BEGIN ENTRIES SHOWN

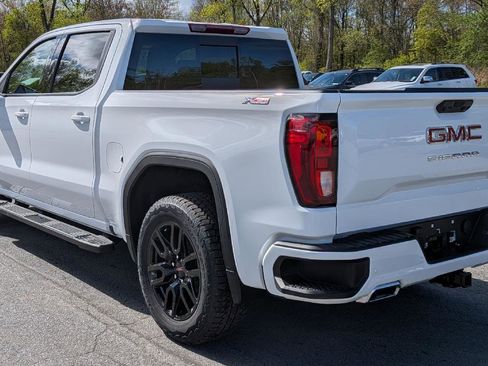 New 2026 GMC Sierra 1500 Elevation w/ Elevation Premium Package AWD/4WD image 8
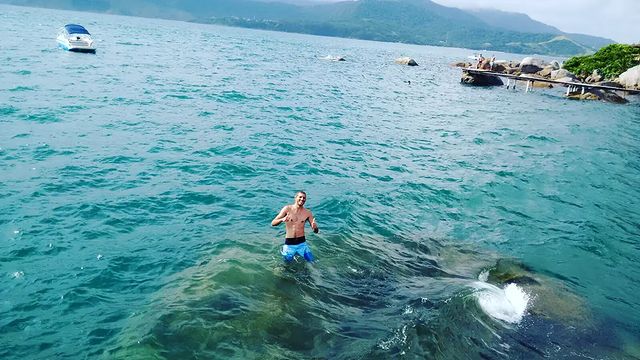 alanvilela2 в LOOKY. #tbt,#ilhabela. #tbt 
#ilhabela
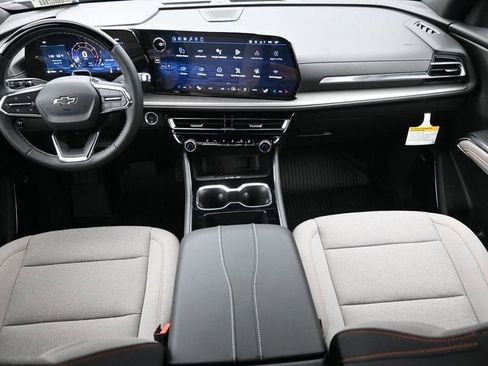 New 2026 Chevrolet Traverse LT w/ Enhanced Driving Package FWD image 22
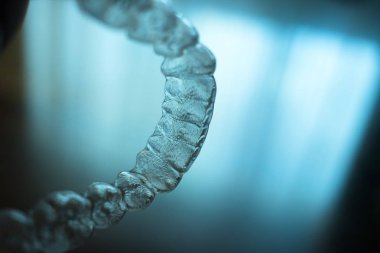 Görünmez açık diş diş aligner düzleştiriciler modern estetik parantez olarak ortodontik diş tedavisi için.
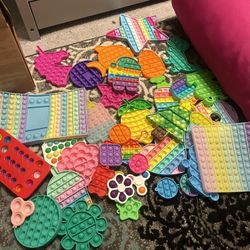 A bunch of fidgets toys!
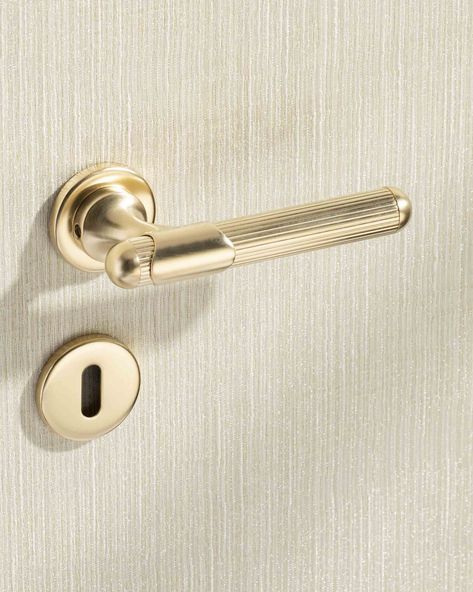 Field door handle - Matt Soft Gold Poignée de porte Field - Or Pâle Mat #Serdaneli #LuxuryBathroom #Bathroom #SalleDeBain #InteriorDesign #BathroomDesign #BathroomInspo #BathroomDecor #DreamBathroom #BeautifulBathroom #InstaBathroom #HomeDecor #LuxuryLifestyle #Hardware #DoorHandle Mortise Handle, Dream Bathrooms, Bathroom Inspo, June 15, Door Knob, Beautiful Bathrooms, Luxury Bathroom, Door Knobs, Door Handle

END ENTRIES SHOWN

WORK REQUEST:
Go to the line that contains "Görünmez açık diş" and copy it and every line after it through the end of the entries, exactly, without the pictures.

EXERCISE SOLUTION:
 Görünmez açık diş diş aligner düzleştiriciler modern estetik parantez olarak ortodontik diş tedavisi için.
 A bunch of fidgets toys!
 Field door handle - Matt Soft Gold Poignée de porte Field - Or Pâle Mat #Serdaneli #LuxuryBathroom #Bathroom #SalleDeBain #InteriorDesign #BathroomDesign #BathroomInspo #BathroomDecor #DreamBathroom #BeautifulBathroom #InstaBathroom #HomeDecor #LuxuryLifestyle #Hardware #DoorHandle Mortise Handle, Dream Bathrooms, Bathroom Inspo, June 15, Door Knob, Beautiful Bathrooms, Luxury Bathroom, Door Knobs, Door Handle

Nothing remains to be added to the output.